Low-value property will sustain poverty

Dear Straits Times,

I refer to the 18 Apr 2011 letter by Mr Wong Hin Wai.

Mr Wong claims that it is not possible to determine HDB flat affordability on a single factor such as median income since 80% of Singaporeans live in HDB flats. I disagree. It need not be the only factor but it can be an important one. If 50% of Singaporeans find HDB flats outgrowing their wages, isn’t that a clear indication that flats are becoming unaffordable?

Mr Wong also claims that pricing flats on median incomes encourages ‘have nots’ to own a home. Why should that be so? If an item is priced such that 50% of the people find it affordable, why would it encourage 100% of the people to buy it? Shouldn’t it only encourage 50% of the people to buy it?

Mr Wong says Singapore’s public housing is based on market pricing. But are we a competitive market with competitively determined prices? No, there is only one supplier of public housing so ours is a monopoly market commanding monopoly prices from the people.

Mr Wong refers to HDB resale flats obtaining a free ride on rising property prices. But there is no free ride in this world. HDB resale prices can’t go up without people paying more for them. The gain by HDB resellers will be the loss by those who bought resale flats at higher prices.

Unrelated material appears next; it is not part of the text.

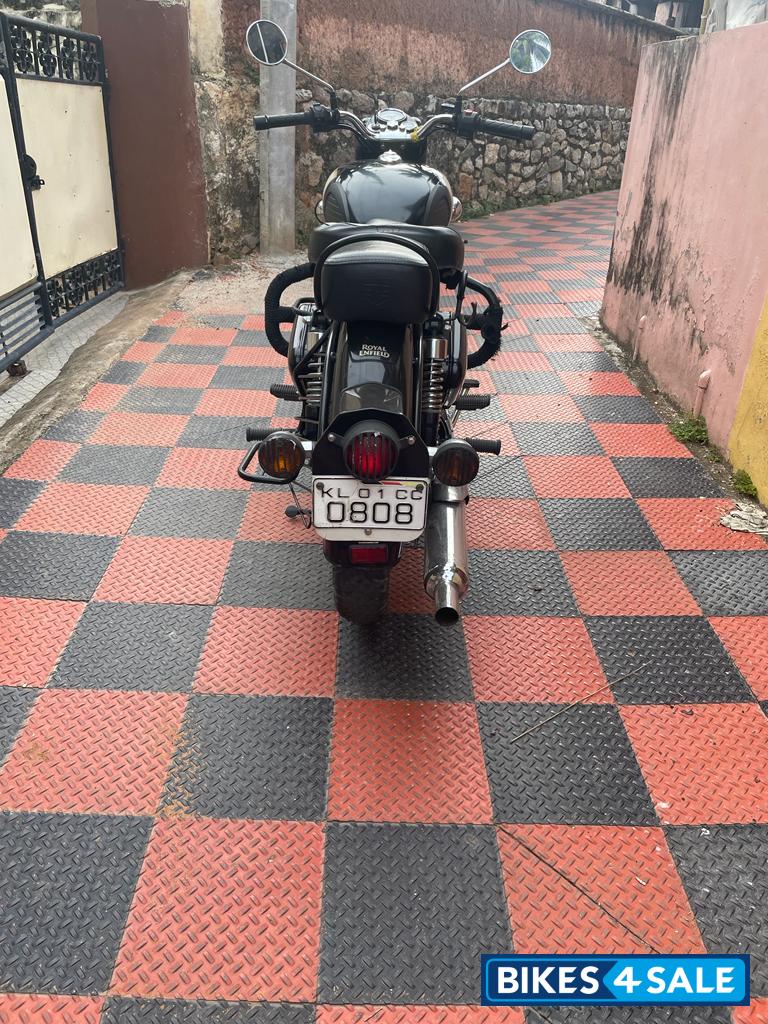 Black Royal Enfield Classic 350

Mr Wong refers to the government subsidising first time flat buyers. But government subsidy is only $40,000 whereas HDB resale prices have gone up by $150,000 already over the last four years. More like the people subsidising the government instead.

Mr Wong says giving Singaporeans low value property will perpetuate poverty. That is not true. When prices don’t rise, resellers don’t gain but they don’t lose either. A high value property may bring prosperity to the property owner, but it also brings poverty to the buyer. So in the end, there is no net gain for the country, only a wealth transfer from home buyers to home owners.

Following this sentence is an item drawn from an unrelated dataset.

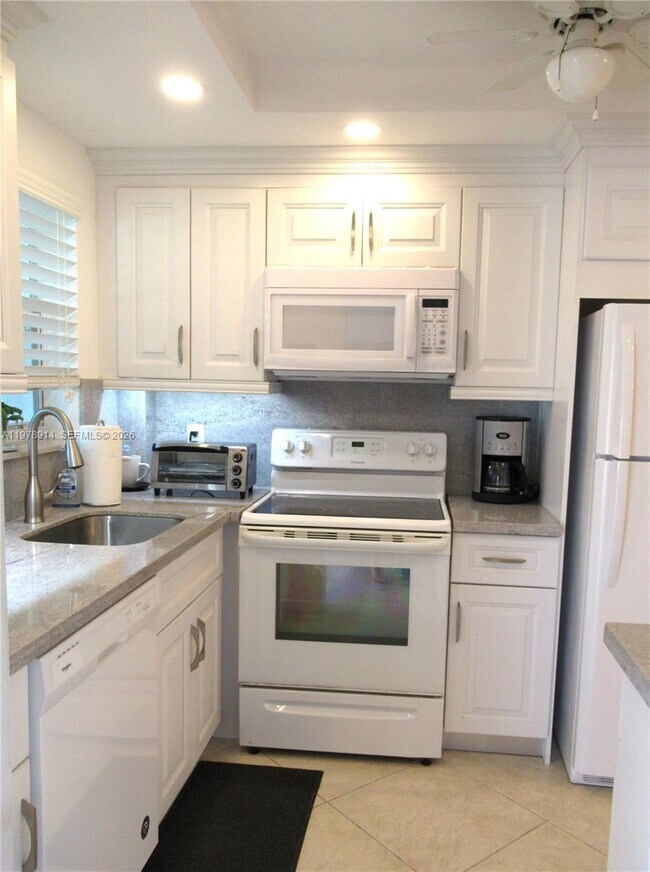 Foto del edificio - 580 Egret Dr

Mr Wong says value of flats depends on the economy. But during the global financial crisis, flat prices actually went up instead. Thus, economy is just one of several factors affecting flat prices. The most important and the most fundamental factor is still demand and supply.

Mr Wong prefers not to poison the water one depends on to live. But one man’s poison is another man’s meat. Stable home prices may be poison to Mr Wong but it is meat to all future home buyers, including Mr Wong’s children.

Mr Wong calls for the opposition to not destabilise the fundamental. He doesn’t realise that the fundamental is fundamentally flawed. The government’s call to raise our wealth through raising flat values is fundamentally flawed. Rising property values also means rising property prices. The increase in housing value of one generation is also the increase in housing liabilities for the next generation.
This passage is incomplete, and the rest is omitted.